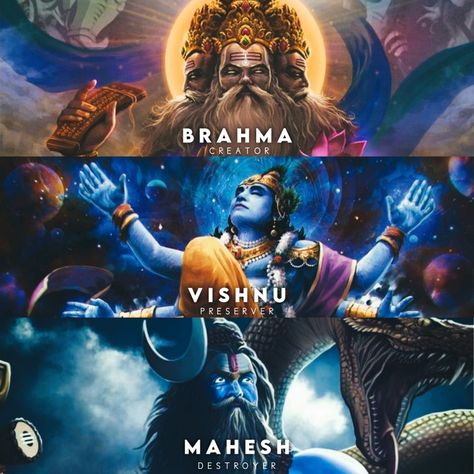 Brahma Vishnu Mahesh Brahma Vishnu Mahesh, Beard Wallpaper, Ganesha Art Illustration, God Wallpaper, 3d Name, Best Places To Vacation, Mahesh Babu, Vedic Art, Goddess Artwork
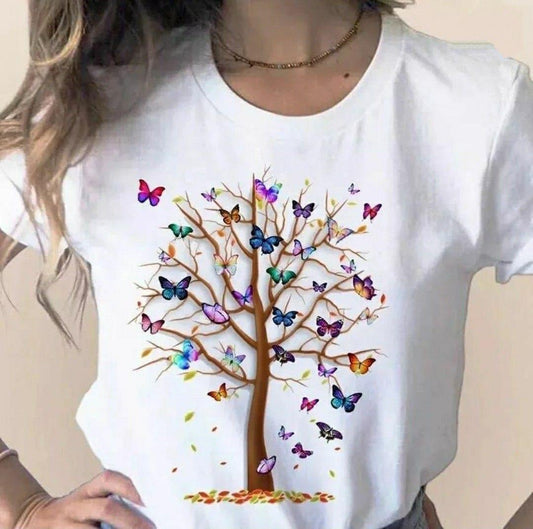 CAMISETA DAMA ARBOL MARIPOSA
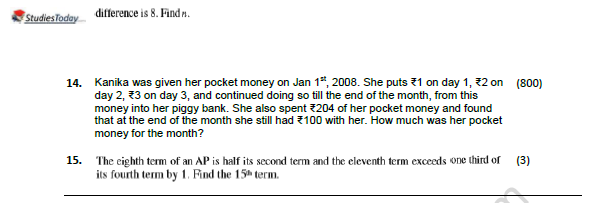 CBSE Class 10 Mathematics Arithmetic Progressions Worksheet Set B 3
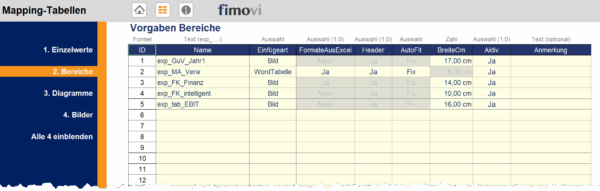 Mapping-Übersicht in DokuSync: Excel-Daten als Bild oder Tabelle in Word-Berichte einfügen.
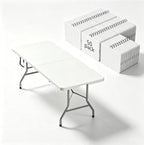6FT Commercial Folding Table, Portable White HDPE Utility Table,50 Pack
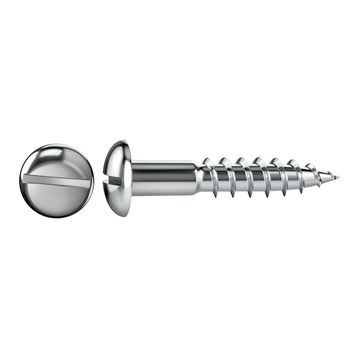 V12 WOODSCREW ROUND HEAD SLOTTED DRIVE STEEL WHITE ZINC PLATED FREE FROM CHROMIUM-VI 4X30 - 25 PIECES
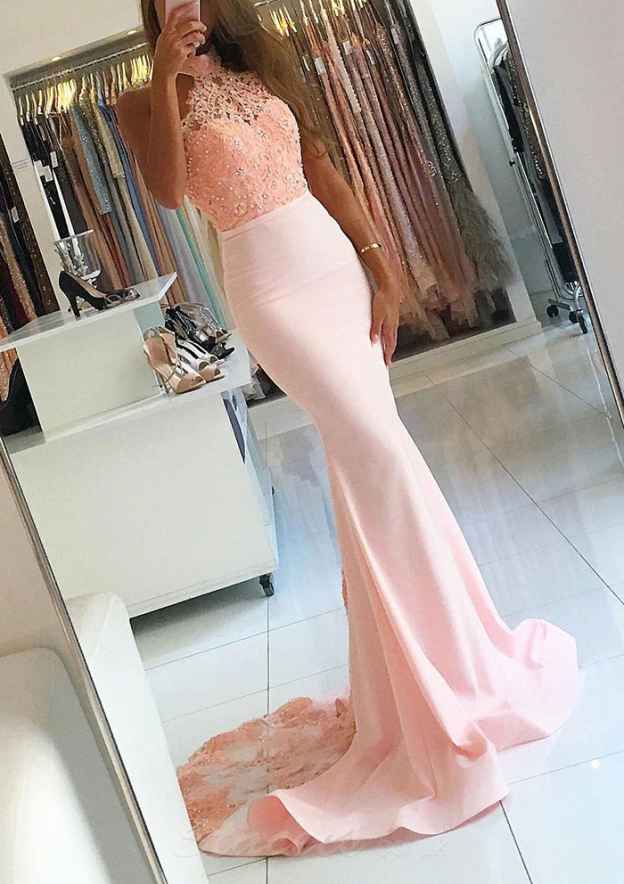 Elegant Satin Court Train Prom Dress with Halter Beaded Covered Button and Trumpet/Mermaid Sleeves-27dress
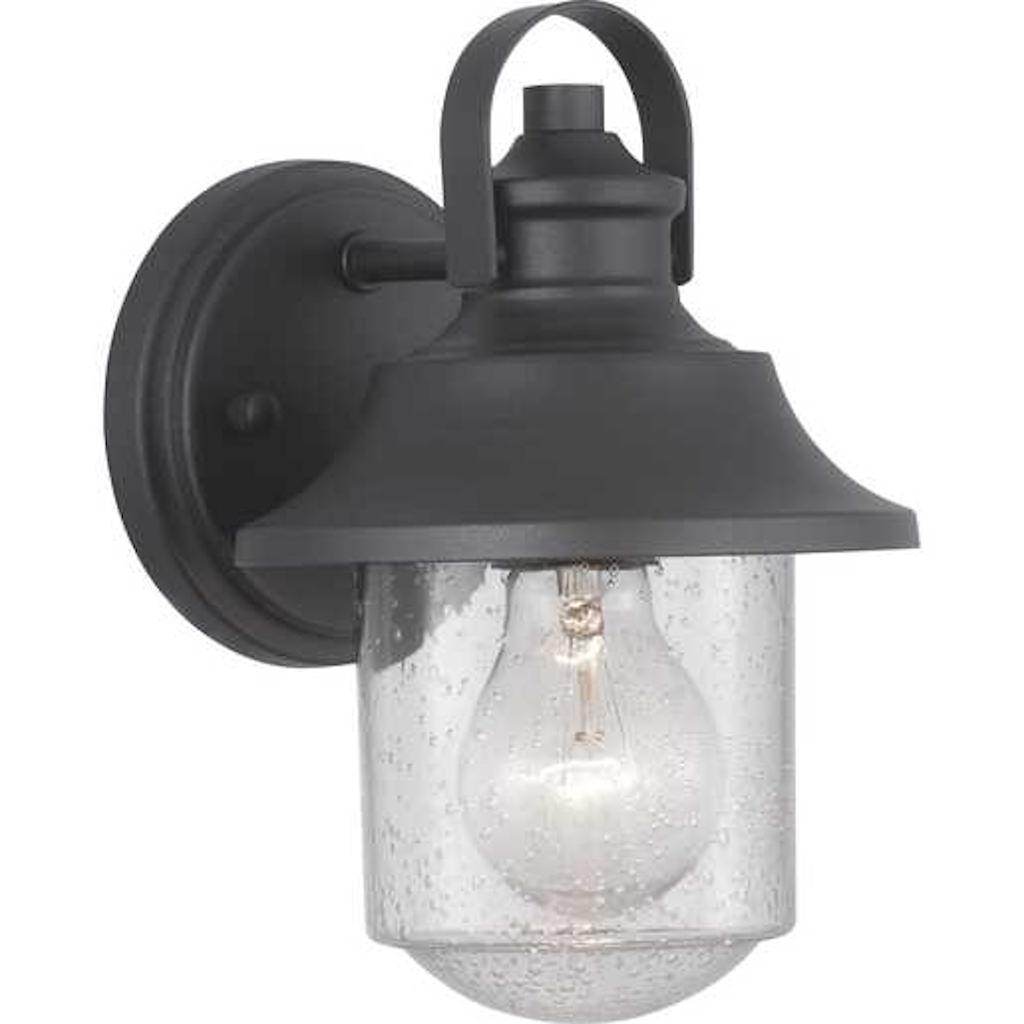 1 Light Black with Clear Seeded Glass Outdoor Small Wall Light Fixture 1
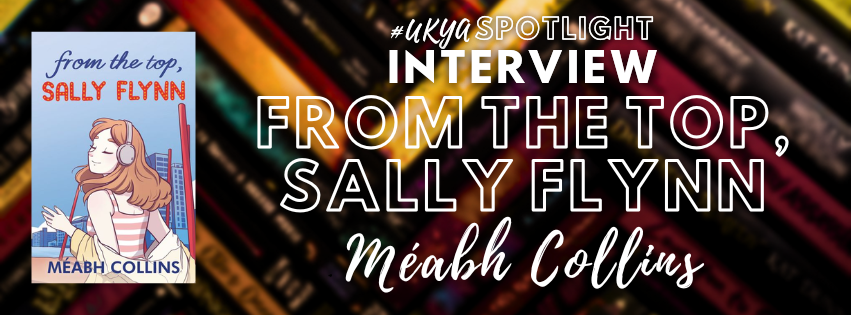 Title in white on blurred black, red, and gold book spines next to image of pale blue book cover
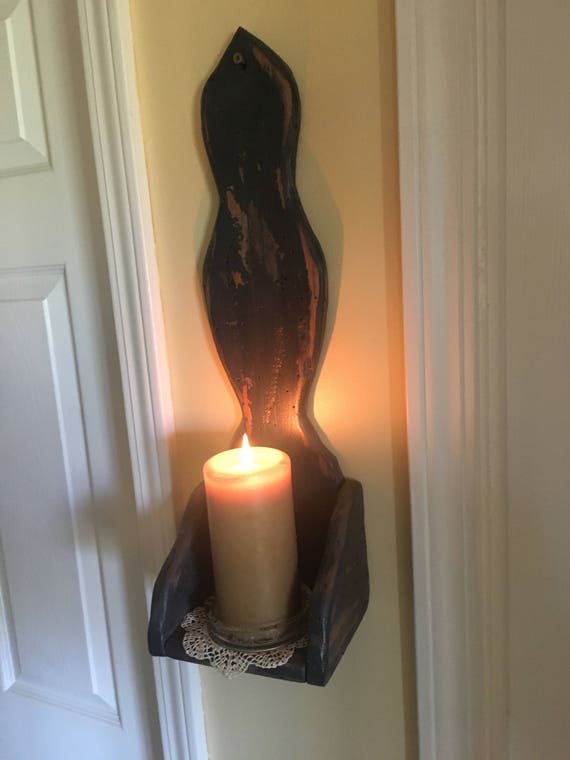 Fixer Upper Candle Sconce Rustic Wood Sconce Wall Sconces Etsy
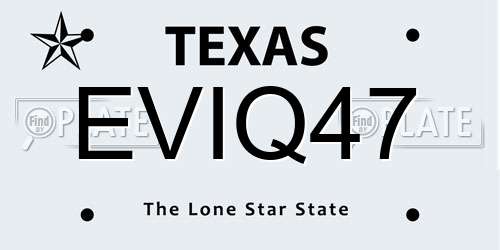 EVIQ47 Texas License Plate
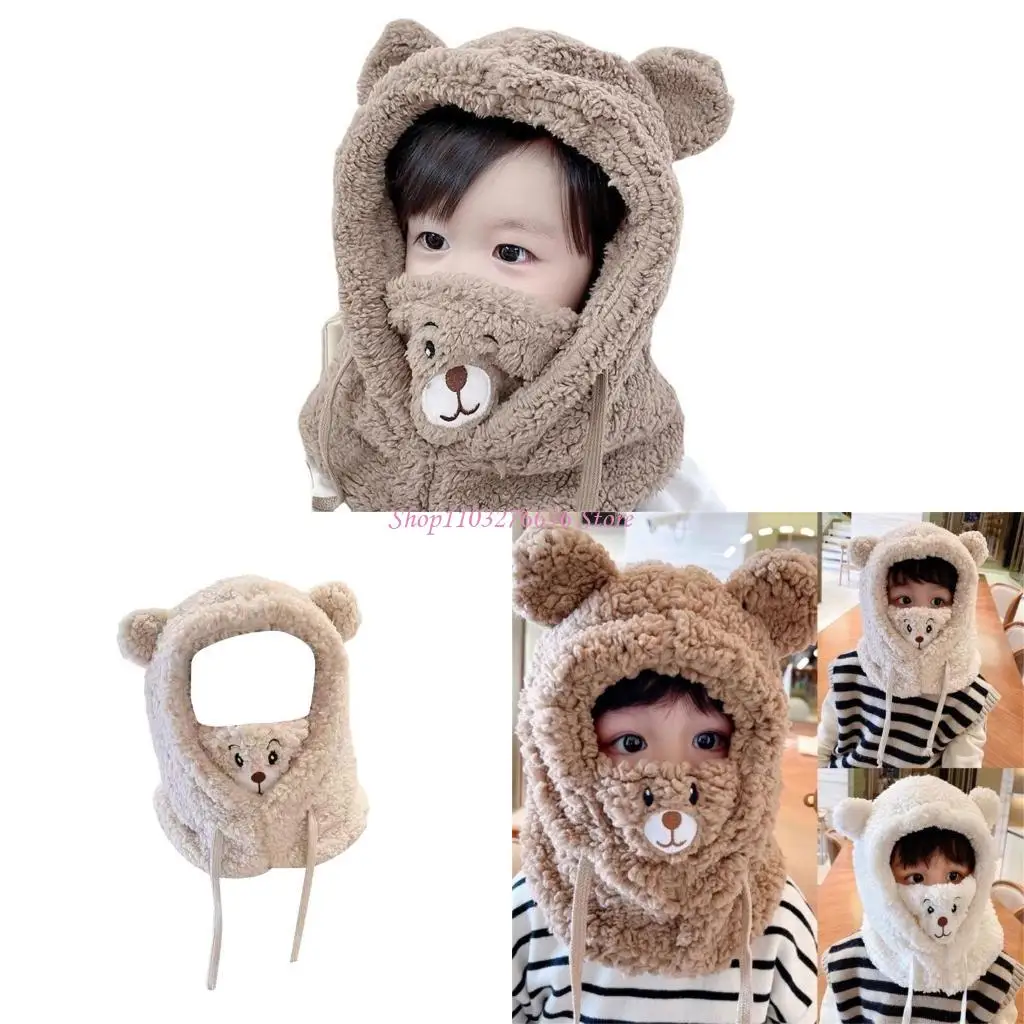 

R6FD Winter Plush Scarf Hat with Face Cover Outdoor Thick Warm Masked Caps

TASK DIRECTIONS.
Without any pictures, please reproduce the full set of entries.

EXPECTED OUTPUT.
 Brahma Vishnu Mahesh Brahma Vishnu Mahesh, Beard Wallpaper, Ganesha Art Illustration, God Wallpaper, 3d Name, Best Places To Vacation, Mahesh Babu, Vedic Art, Goddess Artwork
 CAMISETA DAMA ARBOL MARIPOSA
 CBSE Class 10 Mathematics Arithmetic Progressions Worksheet Set B 3
 Mapping-Übersicht in DokuSync: Excel-Daten als Bild oder Tabelle in Word-Berichte einfügen.
6FT Commercial Folding Table, Portable White HDPE Utility Table,50 Pack
 V12 WOODSCREW ROUND HEAD SLOTTED DRIVE STEEL WHITE ZINC PLATED FREE FROM CHROMIUM-VI 4X30 - 25 PIECES
 Elegant Satin Court Train Prom Dress with Halter Beaded Covered Button and Trumpet/Mermaid Sleeves-27dress
 1 Light Black with Clear Seeded Glass Outdoor Small Wall Light Fixture 1
 Title in white on blurred black, red, and gold book spines next to image of pale blue book cover
 Fixer Upper Candle Sconce Rustic Wood Sconce Wall Sconces Etsy
 EVIQ47 Texas License Plate

R6FD Winter Plush Scarf Hat with Face Cover Outdoor Thick Warm Masked Caps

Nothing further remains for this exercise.